Domenica 14 settembre 2025 - Esaltazione della S. Croce
Quante grida sentiamo tutti i giorni! Ci sono grida di lamento, come quelle degli israeliti davanti a Mosè e a Dio per la fatica che il popolo stava vivendo nell’attraversare il deserto. Ci sono grida di chi soffre a causa della colpa di alcuni, come le grida sempre del popolo causate dal lamento e dal segno che Dio pone. Grida che feriscono, grida che dividono, grida causate dal nostro egoismo.
E poi c’è il grido di Dio. Un grido di indignazione all’inizio della lettura del libro dei Numeri. Un grido che lascia spazio poi al desiderio di donare vita, di essere vita per questo popolo ferito dal suo stesso male.
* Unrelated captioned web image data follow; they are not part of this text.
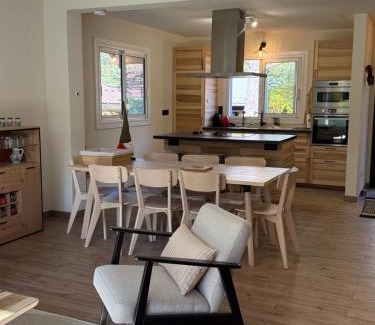 La Celle-sous-Gouzon Ski Chalet | Chalet La Huette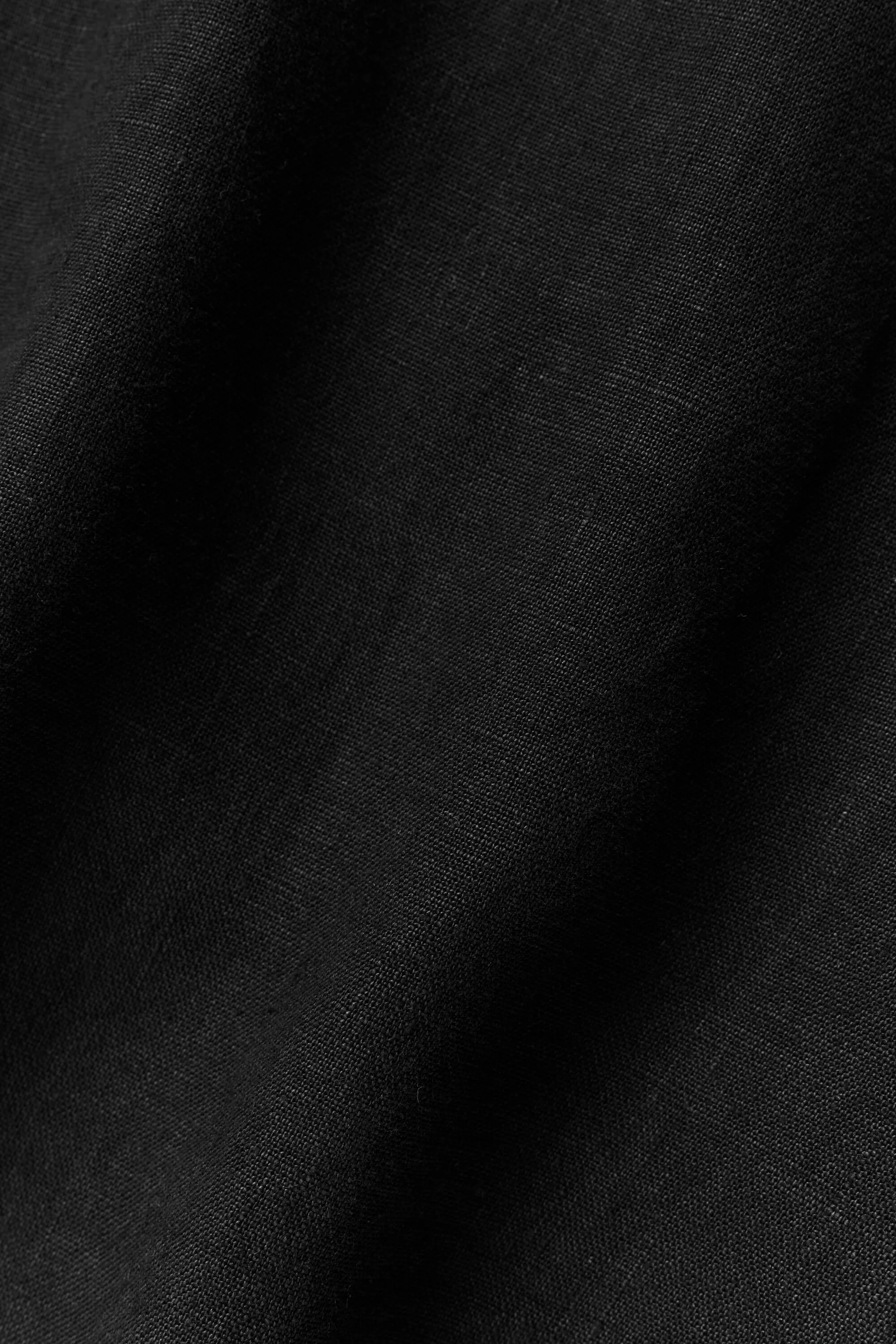 Chemise boutonnée à manches courtes Linen Days en noir, coupe boxy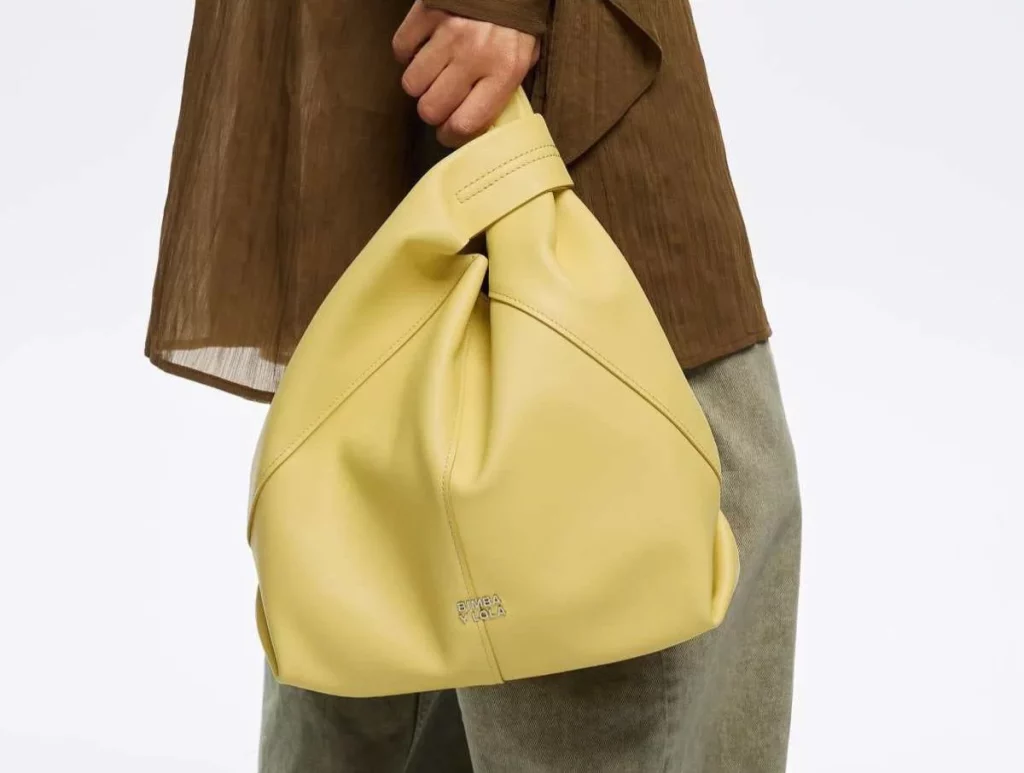 Bolso Paper mediano piel lisa banana de Bimba y Lola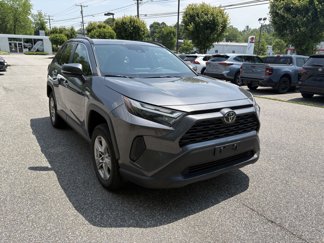 Used 2022 Toyota RAV4 XLE image 1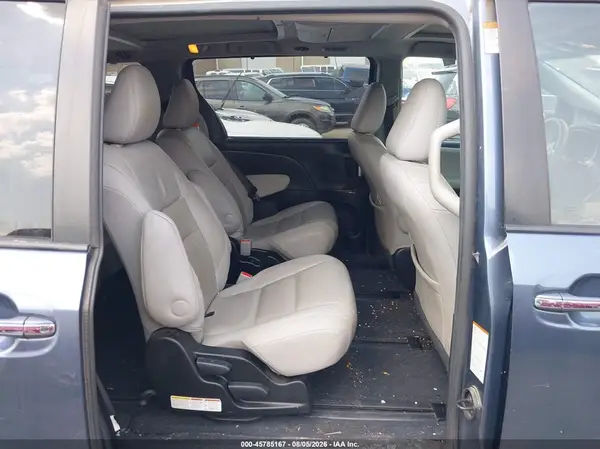 5TDDZ3DC7HS151987 2017 TOYOTA SIENNA - Image 8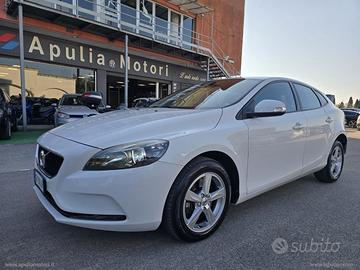 VOLVO V40 D2 Geartronic Inscription
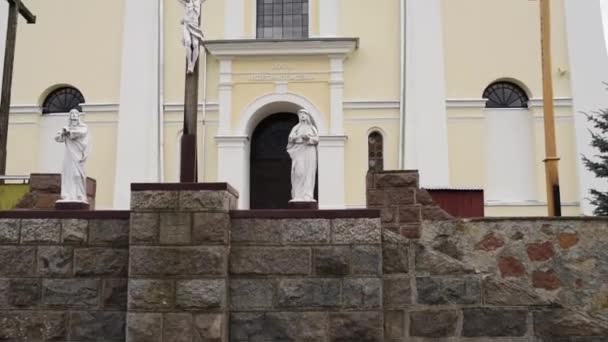 Descubrimiento de la iglesia parroquial en Maly Plock — Vídeos de Stock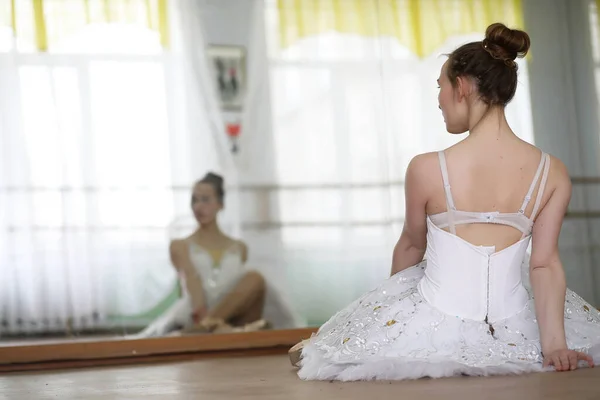 Jolie Fille Danseuse Ballet Pratiquant Intérieur — Photo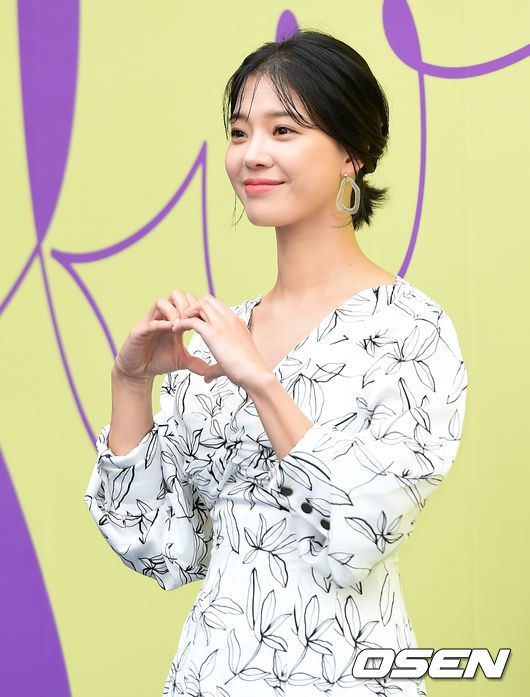 배우 임세미가 입장하며 포즈를 취하고 있다./sunday@osen.co.kr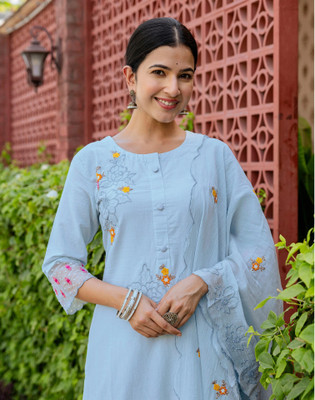 Skylee Women Kurta Pant Dupatta Set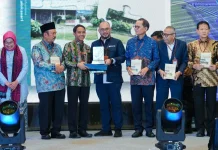 Menhut Raja Antoni Terima Kartu Pengurus DPP Himpunan Alumni IPB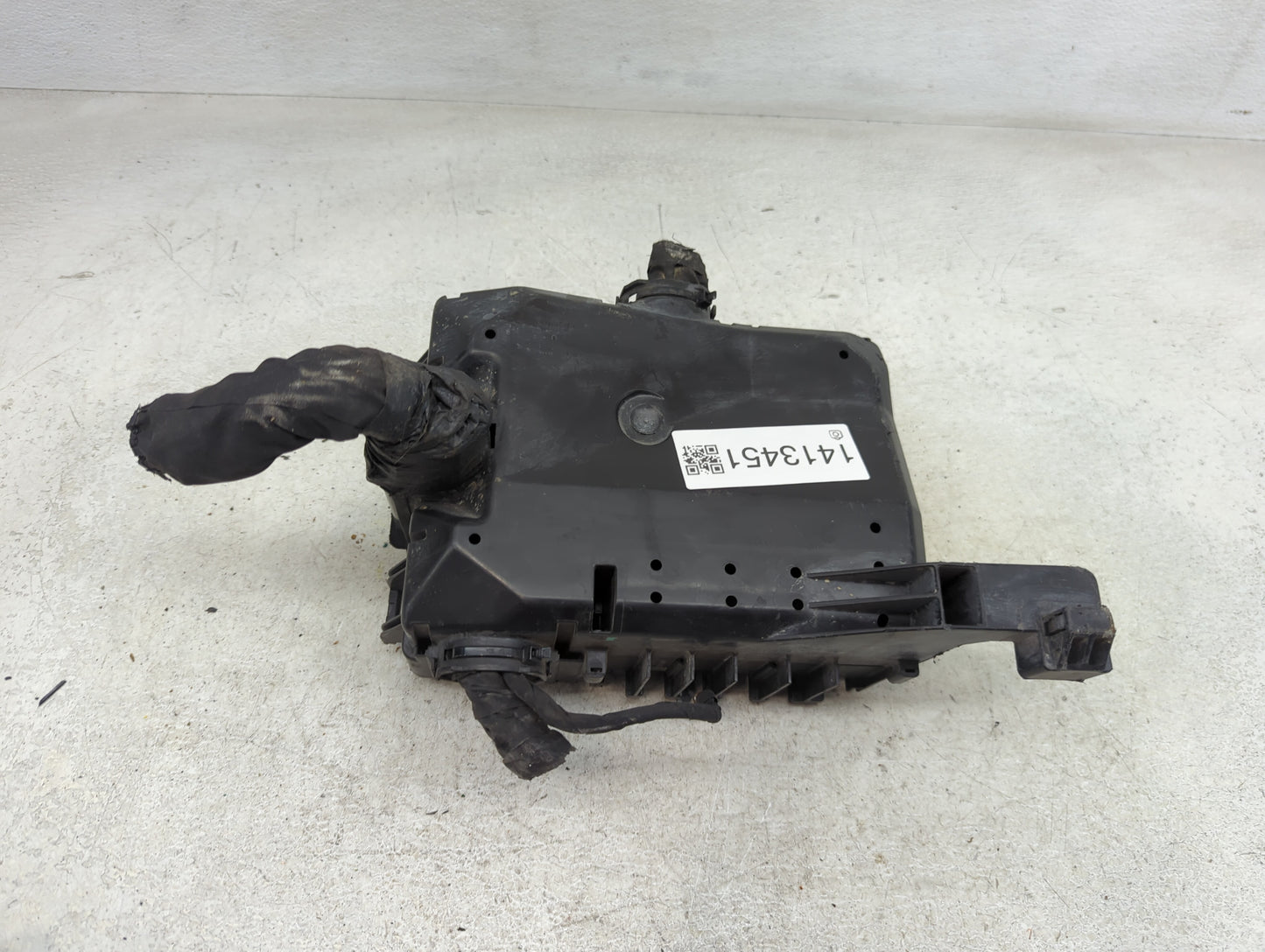 2017 Ford F-150 Fusebox Fuse Box Panel Relay Module P/N:HL3T-12A581CPG Fits OEM Used Auto Parts - Oemusedautoparts1.com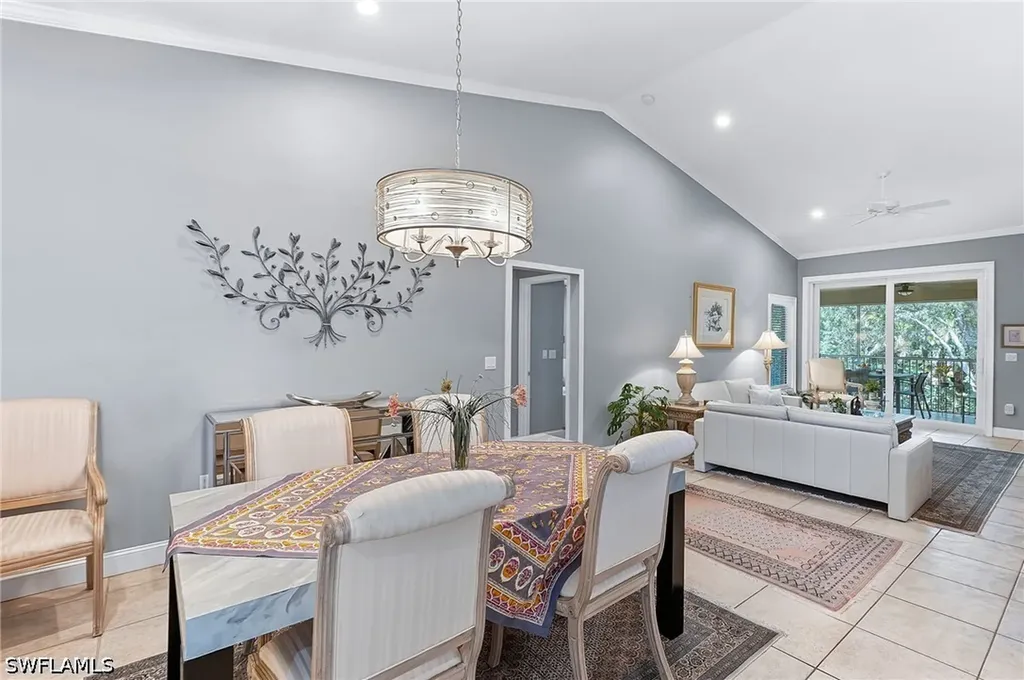 6835 Huntington Lakes Circle Naples FL 34119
Ecco chi è Dio: colui che grida il dono della vita!
Grida questo dono e ce lo consegna, andando oltre ogni miracolo, ogni guarigione. Sì perché la storia è attraversata da un grido che è origine di ogni altro grido, che compie e procura male: il grido della morte, quel grido che continua in maniera egoista nel mondo a dire che la vita è una sola, che va goduta con il successo, il potere, l’indifferenza. A Dio questo grido non piace, perché è contro la sua logica, è contro la logica con la quale ha creato l’uomo. L’uomo è creato per lodare, riverire e servire Dio nostro Signore e per salvare, mediante ciò, la propria anima; e le altre cose sulla faccia della terra sono create per l’uomo affinché lo aiutino al raggiungimento del fine per cui è stato creato. Così dice S. Ignazio di Loyola nel “Principio e fondamento” dei suoi Esercizi. Cioè l’uomo è chiamato a cooperare al disegno di creazione di Dio, a continuare questa opera di vita che genera vita! Ma se l’ostacolo della morte toglie il respiro della vita, che senso ha la vita dell’uomo?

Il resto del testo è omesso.